Exercise directions ->
Transcribe, starting at the line with "Robe Lesley à rayures" and ending at the line with "Sidokåpa för Kamera", every line of the material below exactly, but leave out the pictures and anything outside that span.

Input data ->
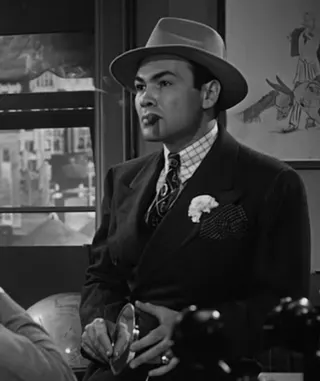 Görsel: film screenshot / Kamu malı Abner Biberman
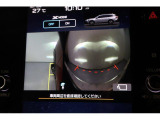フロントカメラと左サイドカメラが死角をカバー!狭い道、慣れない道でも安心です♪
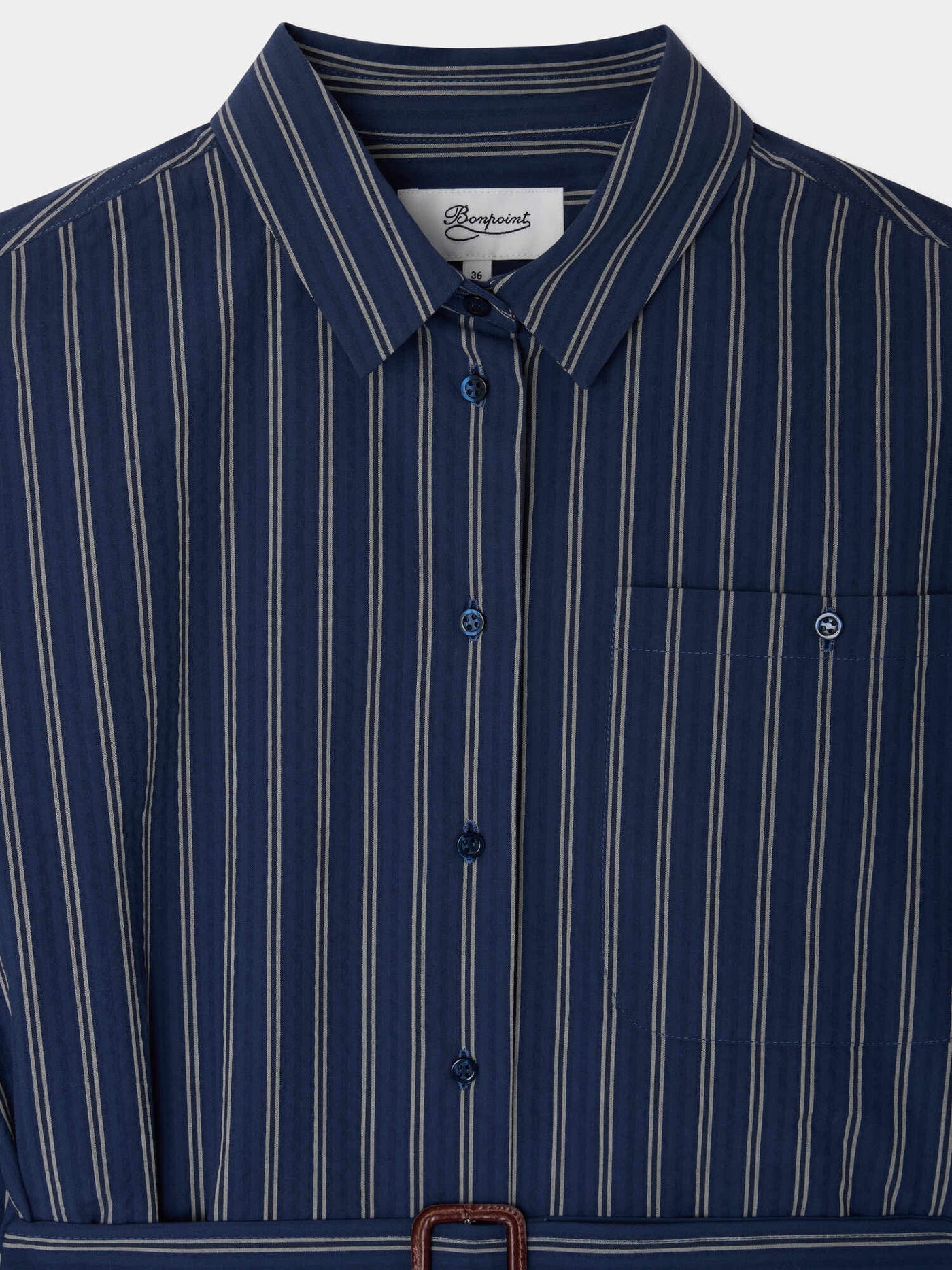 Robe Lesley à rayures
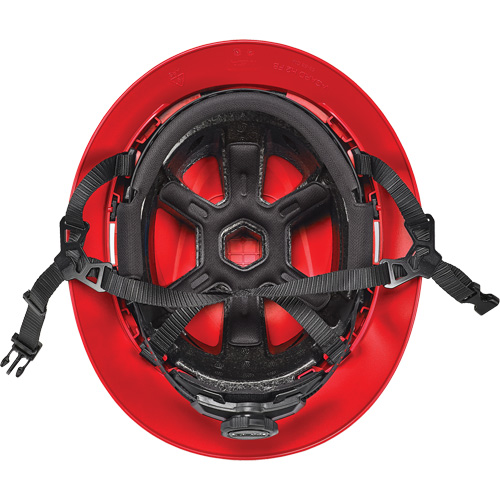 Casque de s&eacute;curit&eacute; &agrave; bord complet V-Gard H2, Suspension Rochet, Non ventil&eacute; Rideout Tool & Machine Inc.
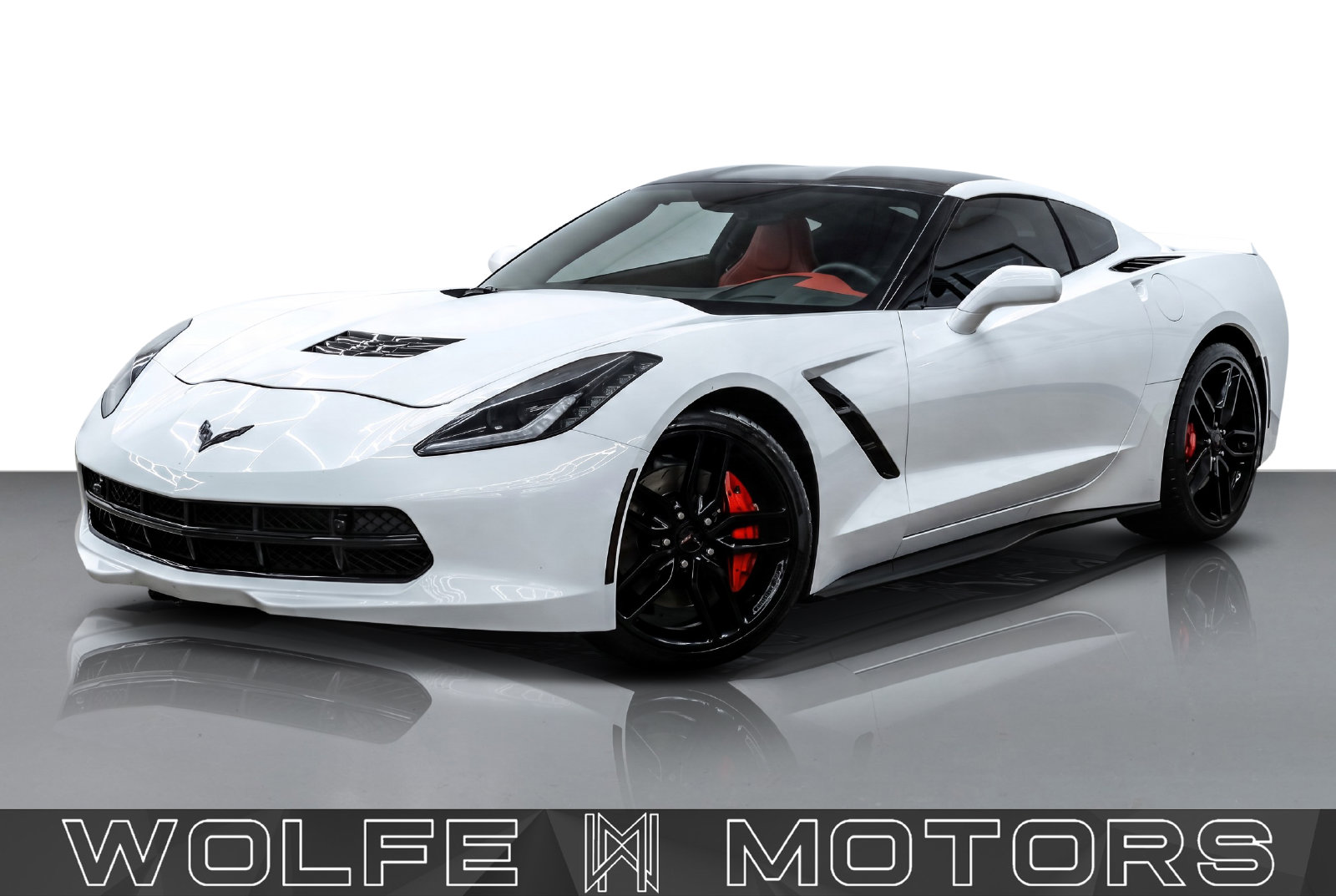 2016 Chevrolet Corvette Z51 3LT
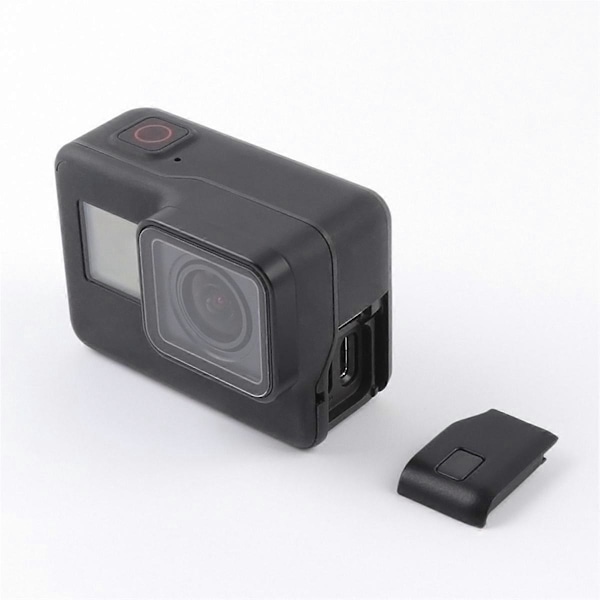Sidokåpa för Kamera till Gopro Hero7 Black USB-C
==
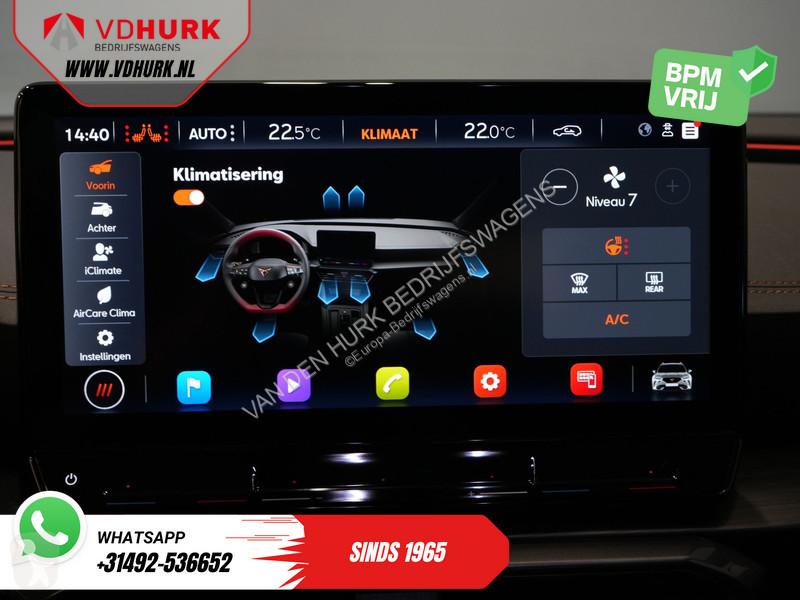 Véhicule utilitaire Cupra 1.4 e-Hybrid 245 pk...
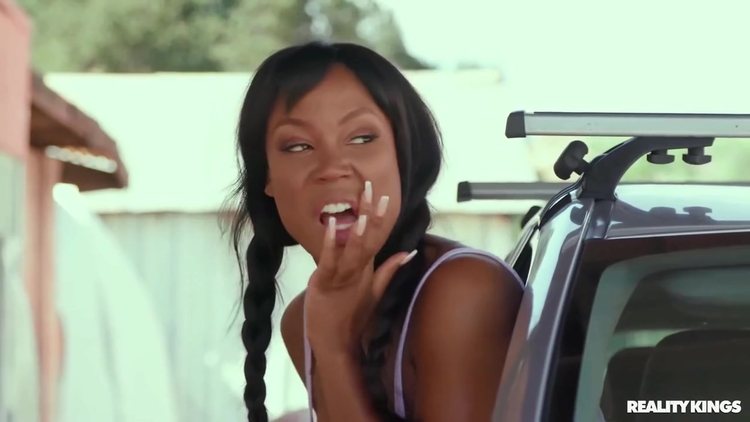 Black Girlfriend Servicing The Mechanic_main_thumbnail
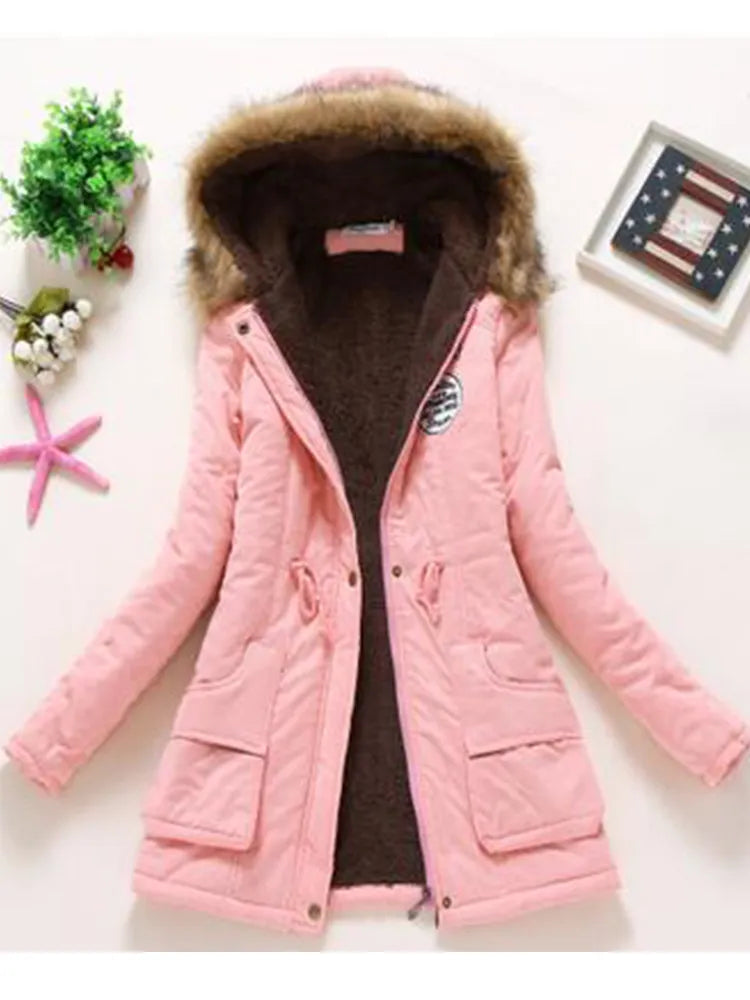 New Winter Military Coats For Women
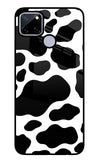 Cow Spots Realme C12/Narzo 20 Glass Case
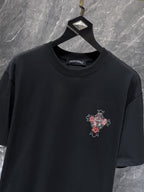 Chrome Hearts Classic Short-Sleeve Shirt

Exercise response ->
 Robe Lesley à rayures
 Casque de s&eacute;curit&eacute; &agrave; bord complet V-Gard H2, Suspension Rochet, Non ventil&eacute; Rideout Tool & Machine Inc.
 2016 Chevrolet Corvette Z51 3LT
Sidokåpa för Kamera till Gopro Hero7 Black USB-C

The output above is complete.